News
The families of two soldiers killed in Iraq could take their legal battle for a public inquiry into the Iraq war to Europe after Baroness Hale offered a sliver of hope in last week’s House of Lords judgment.
In R (on the application of Gentle and another) v Prime Minister and others, the nine law lords unanimously rejected the argument that the right to life provisions under Art 2 of the European Convention on Human Rights provided a legal right to an inquiry into the Iraq
invasion.
Lord Bingham of Cornhill said: “I find it impossible to conceive that the proud sovereign states of Europe could ever have contemplated binding themselves legally to establish an independent public inquiry into the process by which a decision might have been made to commit the state’s armed forces to war.”
However, Seamus Burns, solicitor and senior lecturer at Sheffield Hallam University, says Baroness Hale offered the families a glimmer of hope when she said that “states should protect their soldiers from the consequences of having to obey orders whether or not they are lawful…it might reasonably be expected that they would decline to commit their troops to an unlawful war”. She added that if the European Court of Human Rights were to construe Art 2 in such a manner “I would be surprised but not at all unhappy”.
The case was brought by the mothers of Gordon Gentle and David Jeffrey Clarke, two 19-year-old British soldiers killed while
serving in Iraq.
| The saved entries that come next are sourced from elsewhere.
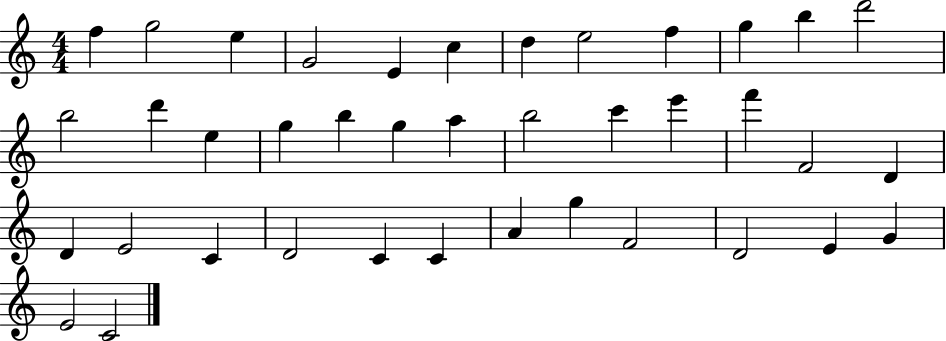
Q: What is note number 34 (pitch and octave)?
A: F4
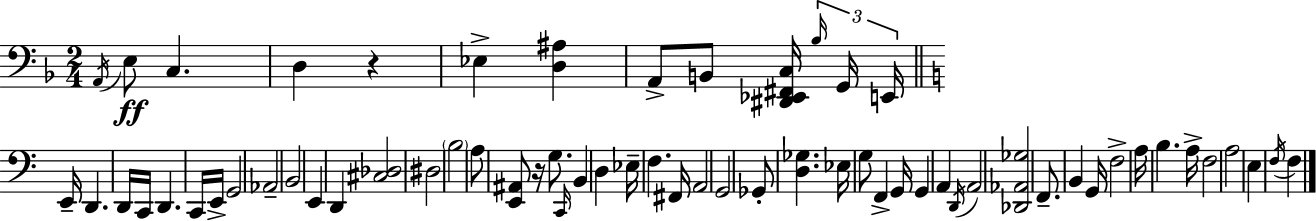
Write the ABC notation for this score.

X:1
T:Untitled
M:2/4
L:1/4
K:Dm
A,,/4 E,/2 C, D, z _E, [D,^A,] A,,/2 B,,/2 [^D,,_E,,^F,,C,]/4 _B,/4 G,,/4 E,,/4 E,,/4 D,, D,,/4 C,,/4 D,, C,,/4 E,,/4 G,,2 _A,,2 B,,2 E,, D,, [^C,_D,]2 ^D,2 B,2 A,/2 [E,,^A,,]/2 z/4 G,/2 C,,/4 B,, D, _E,/4 F, ^F,,/4 A,,2 G,,2 _G,,/2 [D,_G,] _E,/4 G,/2 F,, G,,/4 G,, A,, D,,/4 A,,2 [_D,,_A,,_G,]2 F,,/2 B,, G,,/4 F,2 A,/4 B, A,/4 F,2 A,2 E, F,/4 F,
Burns says the approach taken by the law lords was the only realistic option available.
“The lords adopted the traditional role of the courts towards the right, in domestic law, to require the government to establish an independent public inquiry into all the circumstances surrounding the invasion of Iraq, including the legal advice from the attorney general regarding the legality of the invasion, and of course, the corollary of that right, namely a duty on the government to establish such an inquiry.”
He adds: “Clearly, Art 2 is a fundamental, but not an absolute right and, moreover, had never been held to apply to the process of deciding on the lawfulness of a resort to arms, by member states’ governments, even if soldiers would be exposed to the risk of death.”
Phil Shiner, a solicitor with Public Interest Lawyers, who acted for the families says: “The law lords have taken a very narrow approach.”